Bryce thought his knees would give way. His head
swam. He didn’t think about anything. He made no assumptions,
raised no scenarios in his head. But that ache—that too-familiar
ache that he had had when he was told his family had perished—it
was back in full force and he could barely breathe.

“ . . . second chair?”

“Yes,” he muttered absently, having not really heard
nor understood the question. “Sarah can carry it. I gotta go.”

It seemed such a long way from downtown to the
Plaza, and in the middle of the day, the traffic was a nightmare.
In his haste, he had forgotten the fastest way to get there.
Finally he parked and ran into the building, pushing people out of
the way to get to the admitting desk. The clerk checked her
database and then said, “Your wife is in surgery, Mr. Kenard. If
you could please fill out these papers and let me see your
insurance card, I’d appreciate it.”

Bryce did as requested, though he resented it and
yet, it gave him something to do. That done, she directed him to
the surgery waiting room, where he ripped off his suit coat and
tie, then paced alone for half an hour before it occurred to him to
call in the pack to pace with him. Knox didn’t answer.

“What happened?” Sebastian demanded once he arrived
and found Bryce.

“I have no idea. Judge just told me to get here and
no one seems to be able to tell me anything.”

“Can’t find Knox on his cell and apparently, every
lawyer in Chouteau County’s in court because nobody’s answering
phones.”

“Lilly’s not answering either.”

“Oh, she and my mom are probably—”

“Mr. Kenard?” Both men turned to see a nurse in the
doorway. “Your wife is out of surgery and in recovery.”

“How is she?”

“Doing as well as can be expected,” she said. “Come
with me. The doctor would like to talk to you.”

He followed her out and down the hallway. “My son?”
His heart and soul were wrapped up in that baby and had been since
he’d fallen in love with Giselle for the third time in his life. He
needed
to see that boy, talk to him, rock him. His son.
Giselle’s son. The life they had made together.

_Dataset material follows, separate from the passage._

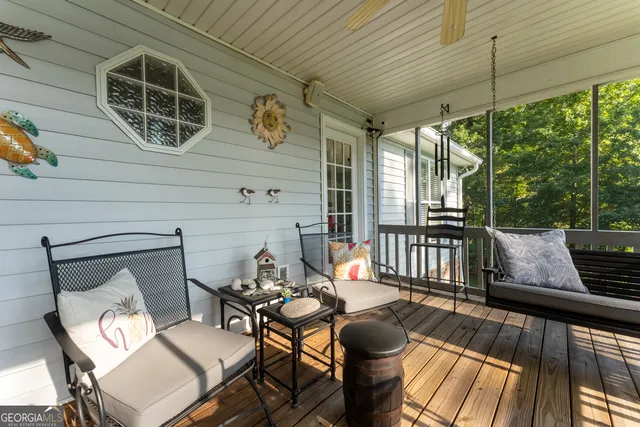 a view of balcony with furniture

“He’s in the nursery, doing well. I’ll let the
doctor talk to you.”

He waited in a little anteroom with three chairs and
a small table that held a phone and a little thing of fake flowers.
He only noticed because there was nothing else to look at while he
waited. The door opened suddenly and he jumped.

“Mr. Kenard, I’m Dr. Sanford.” They shook hands and
the doctor, still in scrubs, didn’t waste any time. “Your wife had
what’s called a placental abruption. This is when the placenta
separates from the wall of the uterus. We were able to deliver the
baby, but she needed a lot of blood. We tried to save her uterus,
but because of the bleeding, we had to perform an emergency
hysterectomy. She won’t be able to have any more children.”

Bryce gulped. His heart ached suddenly—for her, for
himself, for the children they couldn’t possibly have together.
That neither of them wanted more seemed irrelevant at the
moment.

“The other thing is that she has a pretty severe
concussion and so we’re monitoring her for now.”

“Concussion? How?”

“She fell and hit her head on the floor.”